Poi c'è la veltroniana Festa internazionale del cinema (13-21 ottobre), forte di un budget - 9 milioni e passa di euro - che Venezia se lo sogna. Meno impegnativo sul fronte della competizione ma redditizio sul quello mediatico, il festival diretto da Giorgio Gosetti sta corteggiando produttori, attori e registi, così da sfoderare una nutrita pattuglia di anteprime, non solo italiane. I titoli papabili? Be', N-Napoleone di Paolo Virzì, sull'Imperatore in esilio all'Elba, con la fastosa coppia Daniel Auteuil e Monica Bellucci, sempre che la Francia non si faccia sotto nei prossimi giorni (al regista livornese non dispiacerebbe misurarsi con Cannes, dopo le glorie veneziane); Lezioni di volo di Francesca Archibugi, commedia al curry tra Roma e l'India; la commedia tutta al femminile La cena per farli conoscere di Pupi Avati; fors'anche La sconosciuta di Giuseppe Tornatore, thriller del Nord Est avvolto da un mistero molto morettiano, benché il cineasta siciliano poco ami affidare i suoi film all'agone festivaliero.

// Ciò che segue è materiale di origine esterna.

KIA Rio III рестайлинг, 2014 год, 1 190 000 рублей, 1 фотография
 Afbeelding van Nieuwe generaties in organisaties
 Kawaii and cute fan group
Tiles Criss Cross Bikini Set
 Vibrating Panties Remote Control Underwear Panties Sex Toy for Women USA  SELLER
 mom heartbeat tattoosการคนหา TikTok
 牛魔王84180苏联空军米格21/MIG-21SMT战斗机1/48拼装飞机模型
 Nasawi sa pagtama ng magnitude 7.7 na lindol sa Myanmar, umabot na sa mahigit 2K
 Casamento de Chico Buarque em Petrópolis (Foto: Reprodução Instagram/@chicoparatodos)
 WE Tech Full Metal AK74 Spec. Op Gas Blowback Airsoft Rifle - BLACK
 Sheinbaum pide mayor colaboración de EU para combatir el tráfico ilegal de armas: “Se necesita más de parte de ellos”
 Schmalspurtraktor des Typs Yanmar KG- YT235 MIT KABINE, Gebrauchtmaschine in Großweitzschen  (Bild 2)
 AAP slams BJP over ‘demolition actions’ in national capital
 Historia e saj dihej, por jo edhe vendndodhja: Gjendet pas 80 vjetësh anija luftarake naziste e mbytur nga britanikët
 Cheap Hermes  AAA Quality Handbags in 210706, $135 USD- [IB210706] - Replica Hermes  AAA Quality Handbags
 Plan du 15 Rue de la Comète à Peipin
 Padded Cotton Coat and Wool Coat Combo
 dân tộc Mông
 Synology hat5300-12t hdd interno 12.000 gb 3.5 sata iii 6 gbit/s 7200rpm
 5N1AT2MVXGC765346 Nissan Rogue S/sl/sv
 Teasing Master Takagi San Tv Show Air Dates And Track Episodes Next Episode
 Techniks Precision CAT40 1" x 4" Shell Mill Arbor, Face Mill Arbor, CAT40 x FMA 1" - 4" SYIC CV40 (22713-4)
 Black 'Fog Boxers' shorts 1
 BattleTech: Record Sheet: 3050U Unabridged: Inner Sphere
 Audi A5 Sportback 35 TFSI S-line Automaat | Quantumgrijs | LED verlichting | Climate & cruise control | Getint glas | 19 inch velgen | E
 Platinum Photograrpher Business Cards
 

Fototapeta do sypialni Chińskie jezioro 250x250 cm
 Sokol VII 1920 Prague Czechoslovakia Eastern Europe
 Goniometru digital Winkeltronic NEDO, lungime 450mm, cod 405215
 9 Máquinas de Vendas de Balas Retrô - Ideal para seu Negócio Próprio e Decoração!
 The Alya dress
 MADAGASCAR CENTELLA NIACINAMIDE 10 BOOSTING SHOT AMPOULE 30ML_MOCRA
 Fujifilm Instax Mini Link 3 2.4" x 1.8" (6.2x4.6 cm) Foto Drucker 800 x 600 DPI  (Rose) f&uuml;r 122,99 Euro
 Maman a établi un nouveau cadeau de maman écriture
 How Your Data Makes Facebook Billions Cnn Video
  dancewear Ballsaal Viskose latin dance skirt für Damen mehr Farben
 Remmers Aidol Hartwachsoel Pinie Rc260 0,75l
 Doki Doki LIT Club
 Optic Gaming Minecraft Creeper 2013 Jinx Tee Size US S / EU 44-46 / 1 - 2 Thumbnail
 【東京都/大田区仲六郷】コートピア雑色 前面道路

Certo è che, come ogni anno di questi tempi, il cinema italiano è in fibrillazione. Da Parigi, per ora, nessuna notizia, ma si sa che Frémaux tiene alla sorpresa, ben conoscendo l'italica inclinazione a non tapparsi la bocca. Però il compromesso raggiunto salverebbe capre e cavoli, allentando le tensioni tra Italia e Francia, riconsegnando al nostro cinema un posto di rilievo nel panorama festivaliero. Del resto, Moretti è fuori discussione da mesi: per il tema e per l'uomo. Un noto regista italiano, di cui non faremo il nome, scherzandoci sopra commenta: «Nanni ci sarebbe andato anche da solo, senza il film. Tanto lui non si discute». Quanto a The golden door, che segna il ritorno dell'enfant prodige Crialese, tenuto a battesimo proprio dai francesi con Respiro, da più parti si loda la forza espressiva e la qualità produttiva di questa coproduzione italo-francese da 10 milioni di euro. Un film in costume, ambientato ai primi del Novecento, che racconta la storia di una famiglia siciliana, i Mancuso, dalla sassosa terra natia all'approdo a Ellis Island, in America, dopo l'interminabile traversata per nave. Cast misto, con Charlotte Gainsbourg nei panni di Lucy, la ragazza anglosassone, indipendente e fiera, che il capofamiglia vedovo alla fine chiederà in sposa. «Il mio non è un film sull'emigrazione, è sulla volontà di cambiare la propria vita, abbandonare qualcosa che si conosce per l'ignoto. Un grande atto di coraggio, un salto nel buio, l'emigrazione è solo il contesto», ha spiegato Crialese a la Repubblica. Aggiungendo: «Ho fatto un film visionariamente politico, non polemico. Amo l'America, devo ad essa il mio essere regista». Inutile chiedere conferme a Giampaolo Letta (Medusa) e Giancarlo Leone (Raicinema).

Entrambi, quasi all'unisono, dicono: «Non abbiamo riscontri diretti, né positivi, né negativi. Aspettiamo e vedremo». Ma almeno su Cannes, Leone si sbilancia: «Se i rumours venissero confermati, saremmo felici». Ti credo, tre dei quattro titoli previsti sono targati Raicinema.